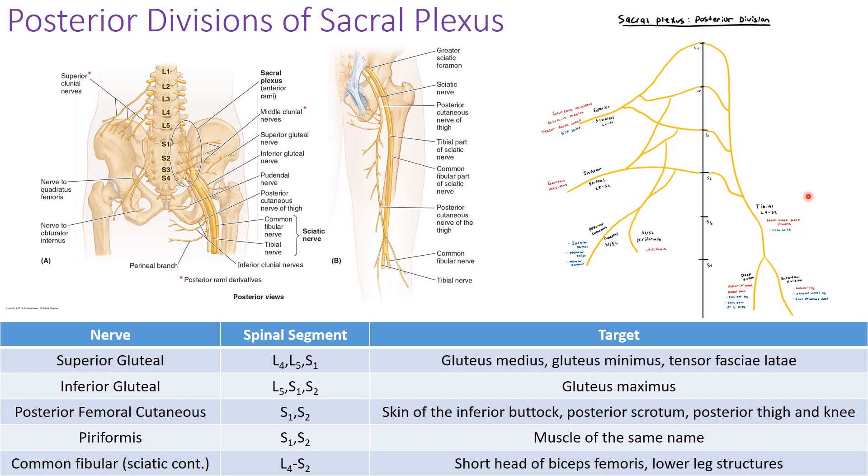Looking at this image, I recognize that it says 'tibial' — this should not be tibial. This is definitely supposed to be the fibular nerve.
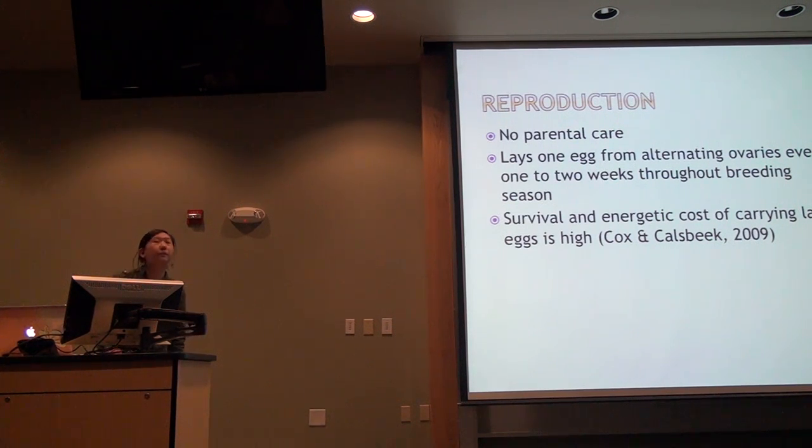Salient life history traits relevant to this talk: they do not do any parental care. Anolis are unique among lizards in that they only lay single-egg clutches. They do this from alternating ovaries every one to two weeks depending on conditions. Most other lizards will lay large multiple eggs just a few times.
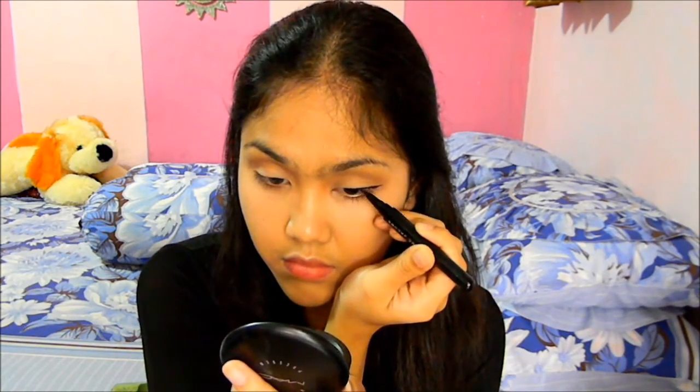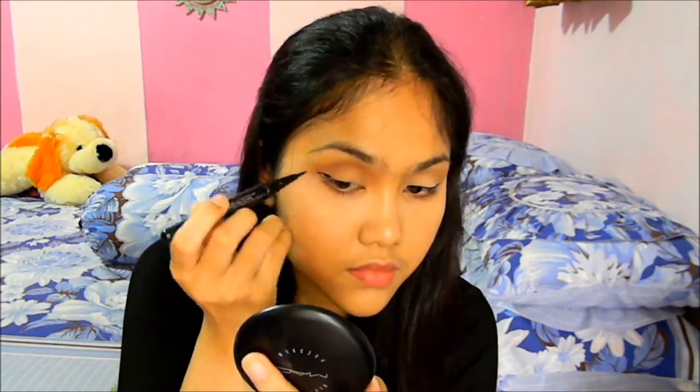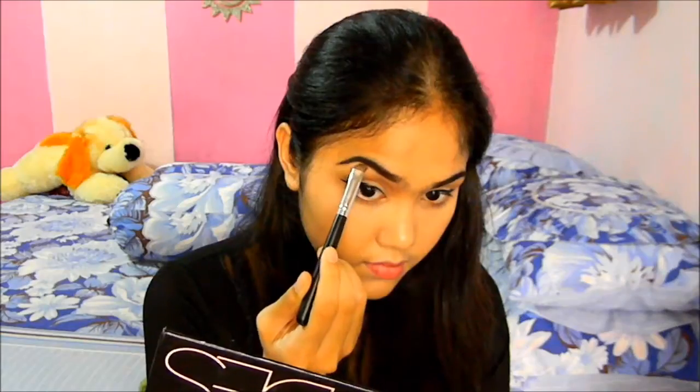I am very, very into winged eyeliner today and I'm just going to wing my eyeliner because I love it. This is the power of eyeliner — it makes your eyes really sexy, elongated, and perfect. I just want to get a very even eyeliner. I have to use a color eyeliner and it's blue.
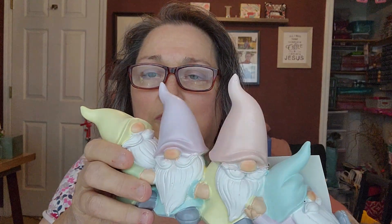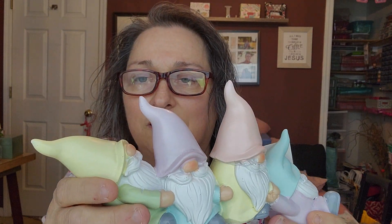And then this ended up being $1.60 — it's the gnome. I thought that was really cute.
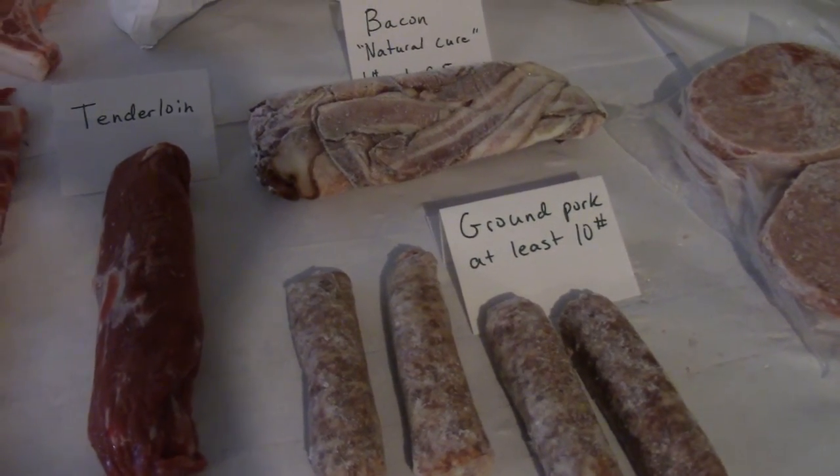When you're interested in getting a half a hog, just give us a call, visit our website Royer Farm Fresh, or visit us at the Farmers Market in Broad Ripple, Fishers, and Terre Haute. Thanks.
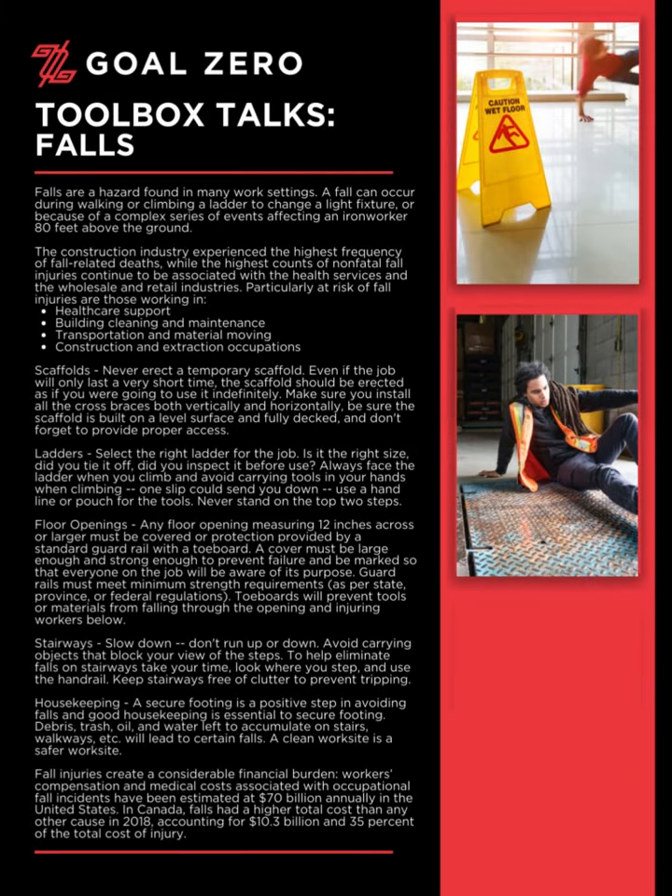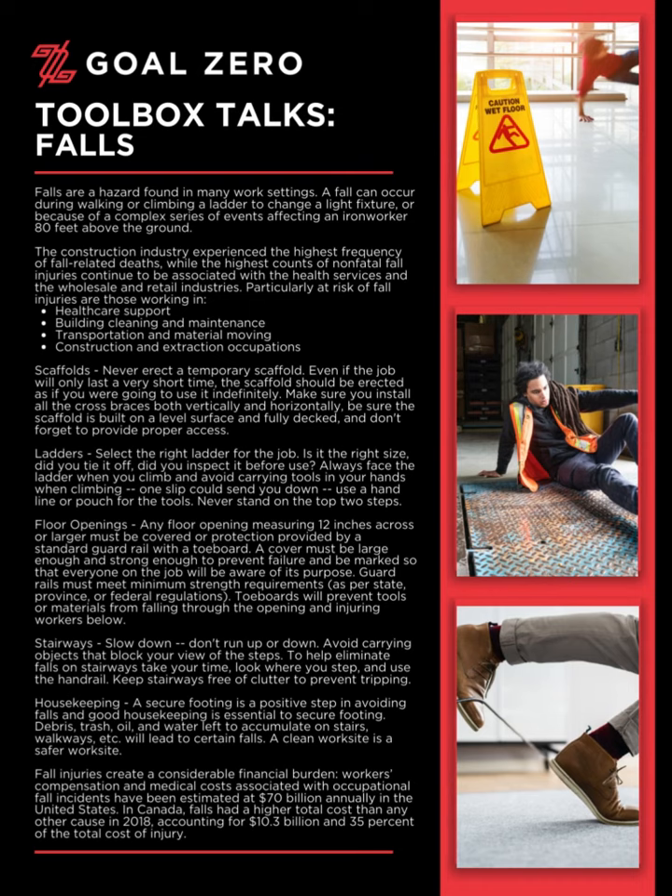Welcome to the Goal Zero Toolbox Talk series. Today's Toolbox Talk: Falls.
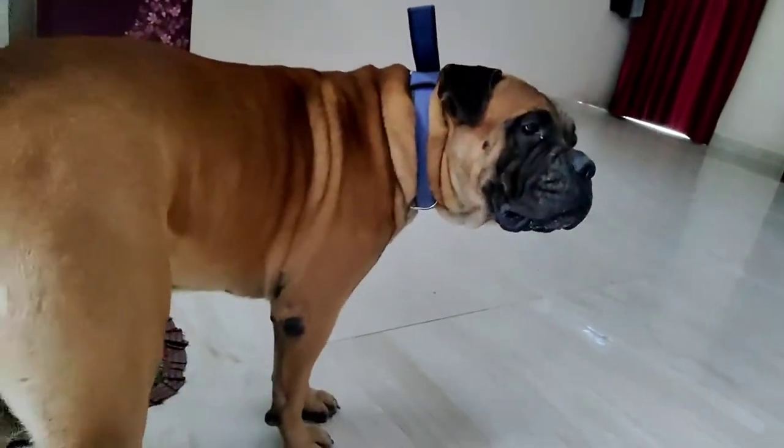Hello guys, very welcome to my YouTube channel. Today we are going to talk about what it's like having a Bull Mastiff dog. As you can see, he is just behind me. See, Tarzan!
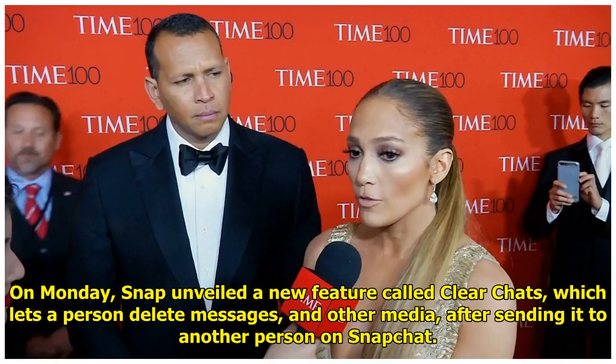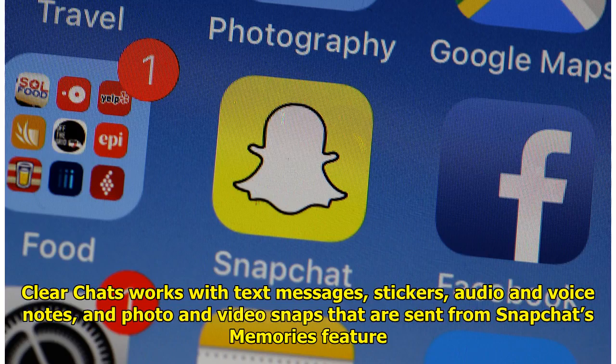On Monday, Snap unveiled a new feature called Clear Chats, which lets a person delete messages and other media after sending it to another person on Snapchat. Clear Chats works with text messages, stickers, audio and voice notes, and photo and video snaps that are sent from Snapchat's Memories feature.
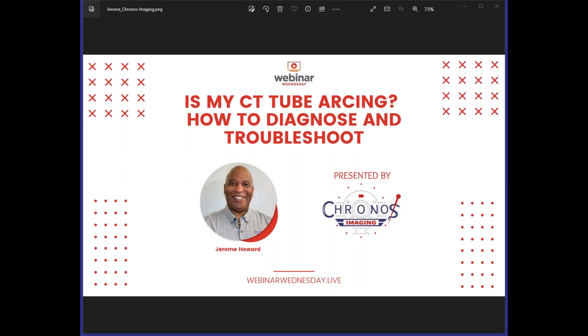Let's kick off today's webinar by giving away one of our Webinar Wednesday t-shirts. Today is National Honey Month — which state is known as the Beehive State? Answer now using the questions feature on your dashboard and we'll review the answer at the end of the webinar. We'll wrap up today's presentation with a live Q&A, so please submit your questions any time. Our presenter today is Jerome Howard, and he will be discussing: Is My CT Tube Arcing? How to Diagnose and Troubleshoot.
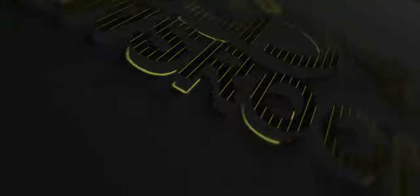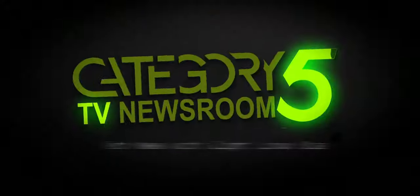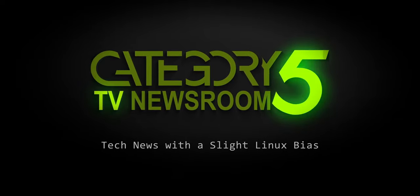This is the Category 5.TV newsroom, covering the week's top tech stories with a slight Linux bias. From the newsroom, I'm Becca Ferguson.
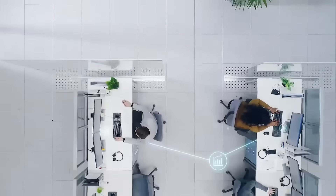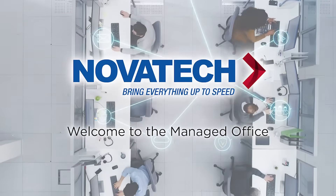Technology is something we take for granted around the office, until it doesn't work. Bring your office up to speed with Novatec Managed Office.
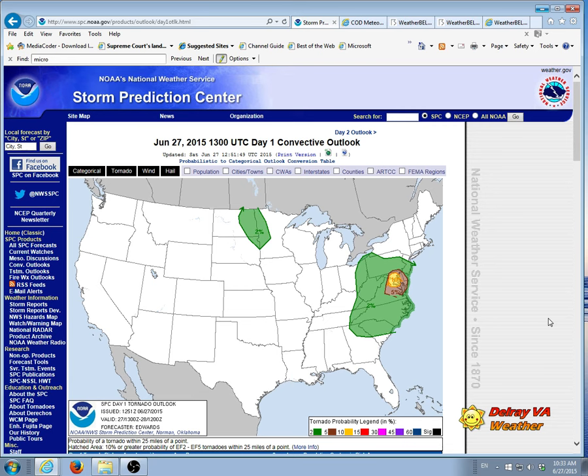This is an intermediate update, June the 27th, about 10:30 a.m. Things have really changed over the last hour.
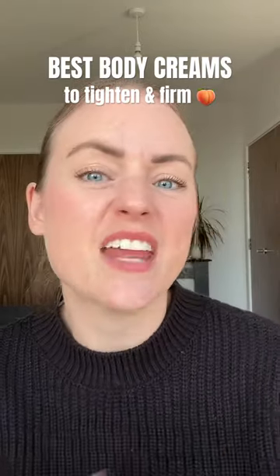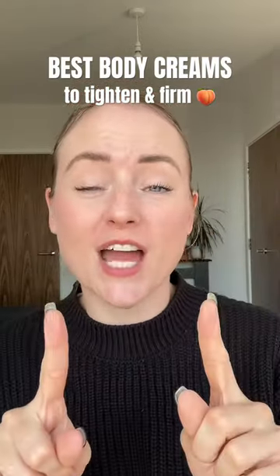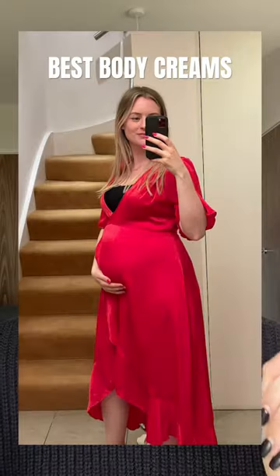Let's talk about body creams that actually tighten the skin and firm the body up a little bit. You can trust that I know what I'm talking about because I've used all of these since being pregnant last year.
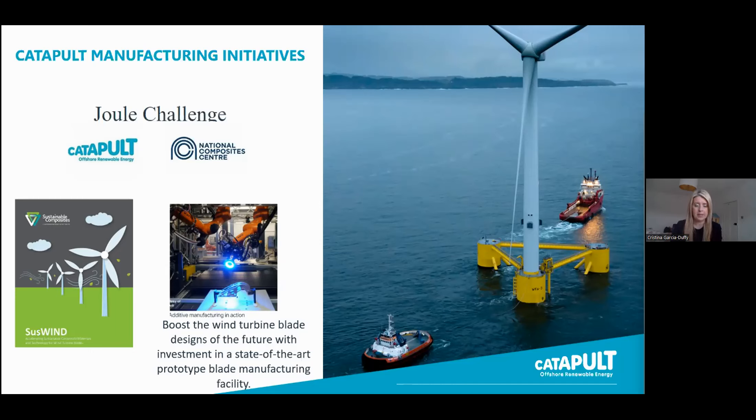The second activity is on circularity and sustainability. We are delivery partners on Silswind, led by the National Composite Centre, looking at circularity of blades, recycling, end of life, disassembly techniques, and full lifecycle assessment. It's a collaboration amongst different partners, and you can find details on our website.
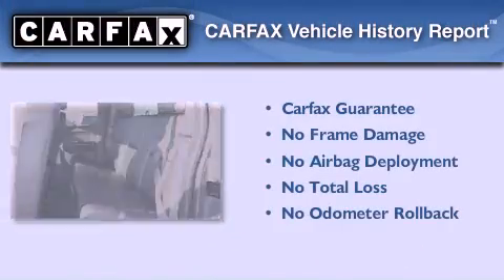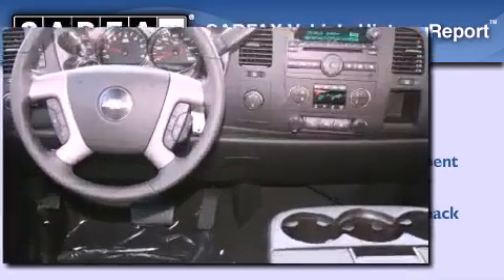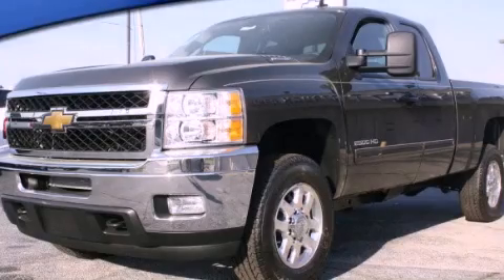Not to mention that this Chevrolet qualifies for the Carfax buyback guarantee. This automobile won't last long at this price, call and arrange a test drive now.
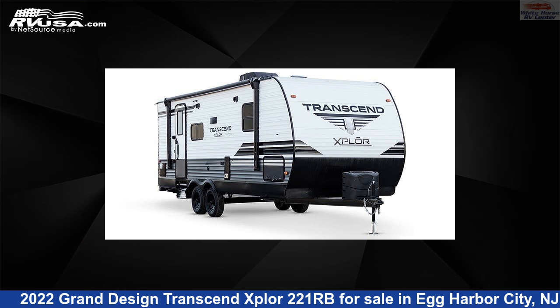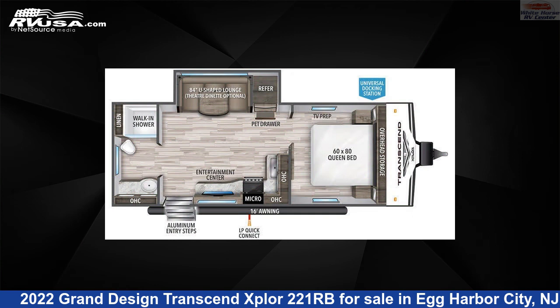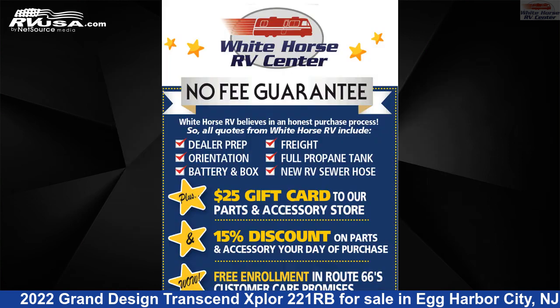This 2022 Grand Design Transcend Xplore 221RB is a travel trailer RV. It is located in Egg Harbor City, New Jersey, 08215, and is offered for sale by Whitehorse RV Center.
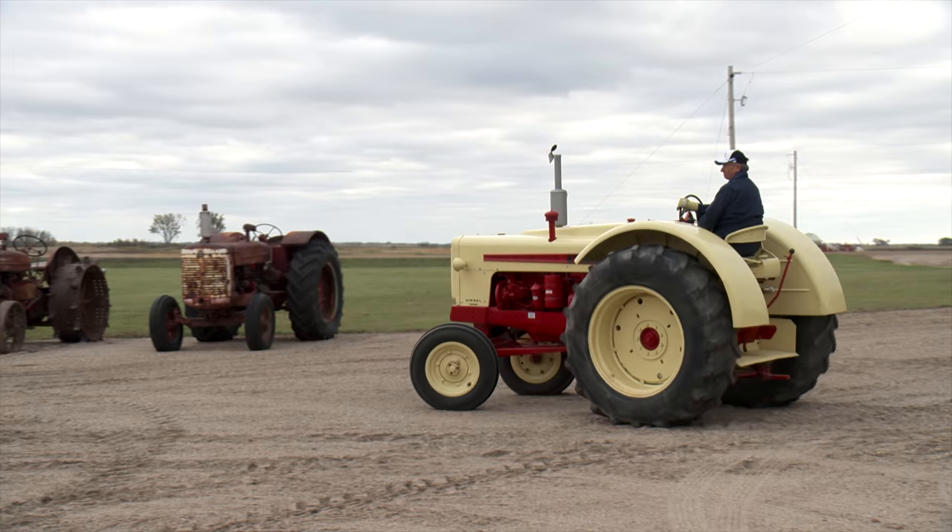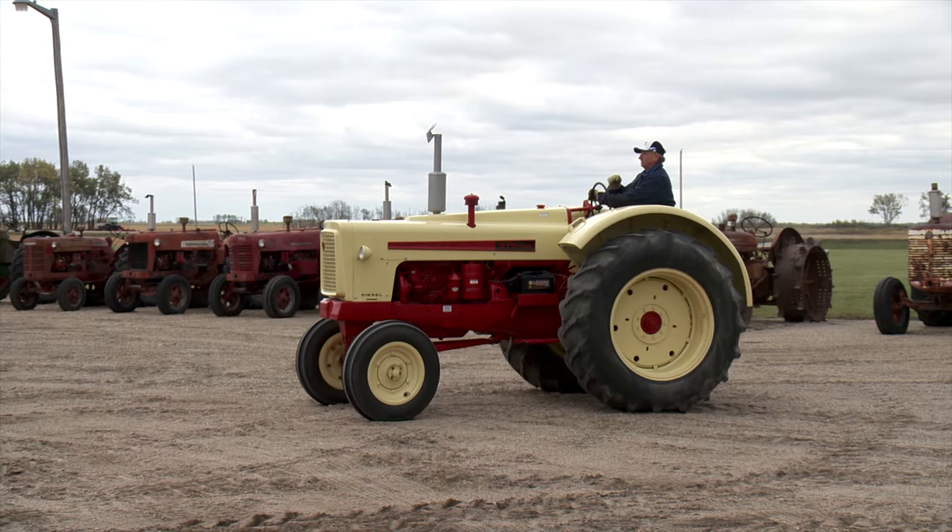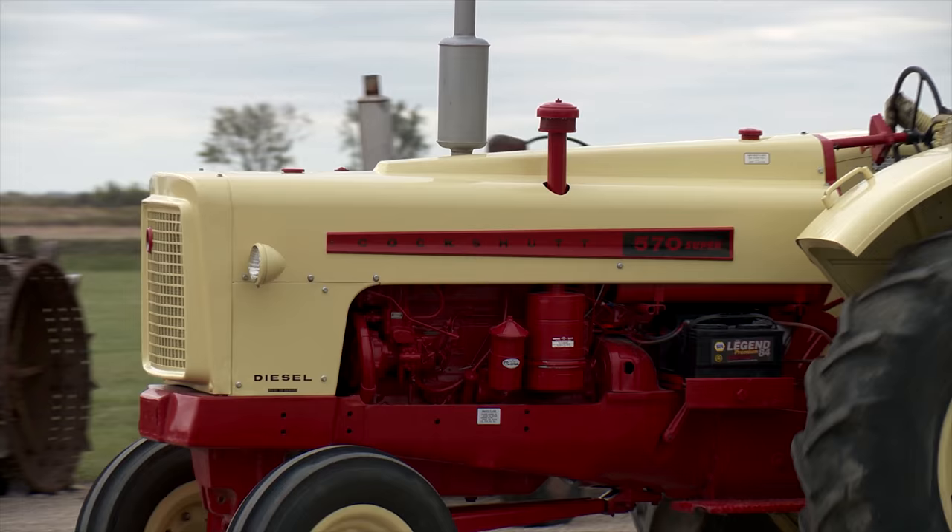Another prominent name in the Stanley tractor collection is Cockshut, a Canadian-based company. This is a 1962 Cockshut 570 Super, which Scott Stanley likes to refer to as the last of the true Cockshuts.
════
* _HOW TO COMPLETE THIS TASK_: Both boundary lines included, write out word for word only the lines above from the one containing "Salient life history" to the one containing "I am very, very", leaving out any pictures.

* _ANSWER TO THIS TASK_:
Salient life history traits relevant to this talk: they do not do any parental care. Anolis are unique among lizards in that they only lay single-egg clutches. They do this from alternating ovaries every one to two weeks depending on conditions. Most other lizards will lay large multiple eggs just a few times.
I am very, very into winged eyeliner today and I'm just going to wing my eyeliner because I love it. This is the power of eyeliner — it makes your eyes really sexy, elongated, and perfect. I just want to get a very even eyeliner. I have to use a color eyeliner and it's blue.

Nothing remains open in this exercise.